Intraoral etiologies include gingival enlargement (GE), incisor over‐eruption, and altered passive eruption (APE) [11, 12]. GE usually occurs due to gingivitis and/or drug‐induced gingival overgrowth (DIGO) [12]. Over‐eruption of the maxillary incisors causes a more coronal position of the gingival margin, causing EGD, associated with tooth wear at the anterior region or anterior deep bite [13]. Normal tooth eruption involves active eruption when the tooth moves out of its crypt, and passive eruption when the gingival margin migrates apically till it comes in proximity to the cementoenamel junction (CEJ) [2, 14, 15]. APE occurs when the gingiva fails to migrate apically during passive eruption, remaining in a position coronal to the CEJ, visible clinically as a short tooth [11, 12, 16]. APE is classified according to the amount of keratinized gingiva and the position of the osseous crest relative to the CEJ [15, 17, 18]. After much controversy regarding the age at which APE should be diagnosed, most authors agreed on around 18–19 years [18, 16, 19, 20, 21].

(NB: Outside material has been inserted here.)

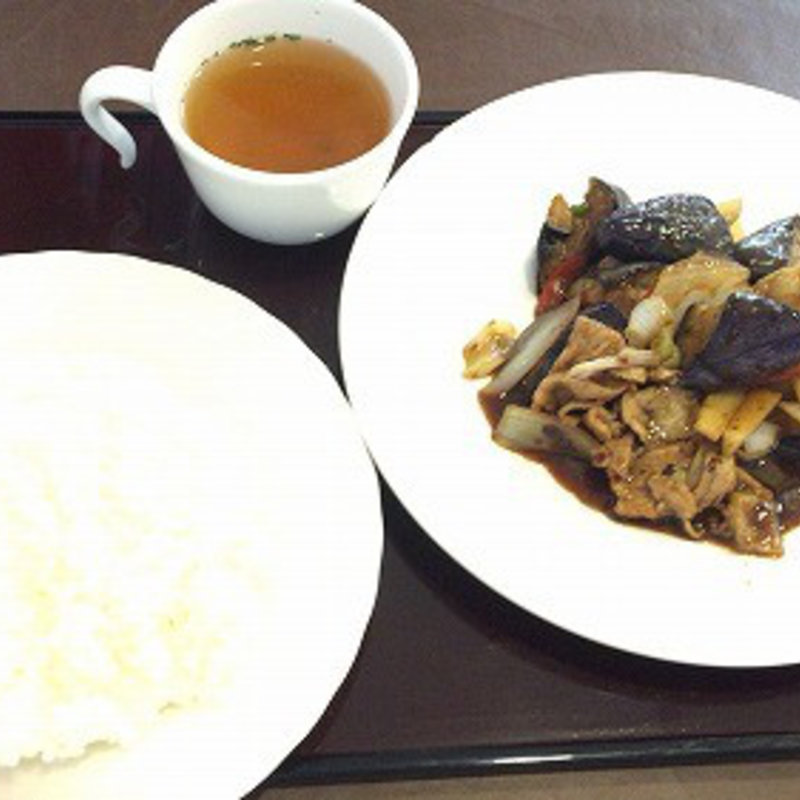 豚とナスのピリ辛味噌炒め (ガーデンテラス )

Extraoral etiologies that cause EGD include: vertical maxillary excess (VME), bimaxillary protrusion, short upper lip (SUL), and hyperactive upper lip (HUL) [22]. VME is excessive vertical growth of the maxilla [23]. Bimaxillary protrusion occurs when there are protrusive, proclined upper, and lower incisors combined with lip incompetence, EGD, and anterior open bite, commonly seen in Asian populations. [24, 25]. SUL occurs when upper lip length (ULL) measurement is less than 22 mm in males and 20 mm in females [26, 27]. Lip mobility is the amount of displacement that occurs to the lip from rest position during smiling; HUL is associated with hyperfunction of the lip elevator muscles [28]. Usually, a combination of two or more etiologies may be present, hence impeccable diagnosis is needed to formulate a suitable treatment plan [29].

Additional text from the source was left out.